En la actualidad, el ciberataque nunca ha sido tan grande como lo es ahora, con ataques DDoS de alto perfil poniendo el tema en la agenda tanto de las empresas como de los gobiernos. A finales del año pasado, un ataque que se informó como el más grande de su tipo, dejó sin internet a la mayor parte del Reino Unido y Estados Unidos. El crecimiento de este tipo de incidentes se debe al simple hecho de que ahora hay más “cosas” conectadas a internet que nunca antes.
La continua oleada de ataques ha puesto de manifiesto la debilidad e ineficacia de la seguridad en el Internet de las cosas. Es un problema que la industria ha tomado en serio desde hace algún tiempo, pero un aumento brusco tanto en los incidentes como en los titulares de los medios de comunicación impulsará naturalmente el problema aún más en la cadena de valor.

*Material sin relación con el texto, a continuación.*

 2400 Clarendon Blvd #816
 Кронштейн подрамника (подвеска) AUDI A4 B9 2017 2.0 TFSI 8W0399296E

El meollo del problema radica en el tiempo físico y el costo asociado a la implementación segura de dispositivos en el Internet de las cosas, y en cómo se conecta un dispositivo a la red. Históricamente, esto ha sido una tarea desalentadora, a menudo hasta el punto de ser imposible. Tradicionalmente, con cualquier implementación de IoT, alguien tiene que ir físicamente y configurar los dispositivos, incluso si eso significa subir a un molino de viento bajo la lluvia. La incertidumbre de la custodia, las contraseñas manuales y la necesidad de intervención en el lugar a lo largo del ciclo de vida del producto crean problemas de seguridad, que a menudo llevan a que esa persona tenga que volver a subir al molino de viento.
Sin embargo, los temores de seguridad sobre estas deficiencias anticuadas que han plagado a la industria durante mucho tiempo se pueden resolver, pero para hacerlo, debe comenzar con el servicio de IoT, en lugar de en el extremo del dispositivo. A partir de ese punto de partida, se puede crear un círculo de vida que garantice una conectividad fluida y segura de una manera que signifique que la persona que antes subía al molino de viento ahora está sentada cómodamente en una silla.
La seguridad en el Internet de las cosas es un desafío que debe abordarse de manera integral y prioritaria. Solo así podremos garantizar la protección de nuestros dispositivos y datos en un mundo cada vez más conectado.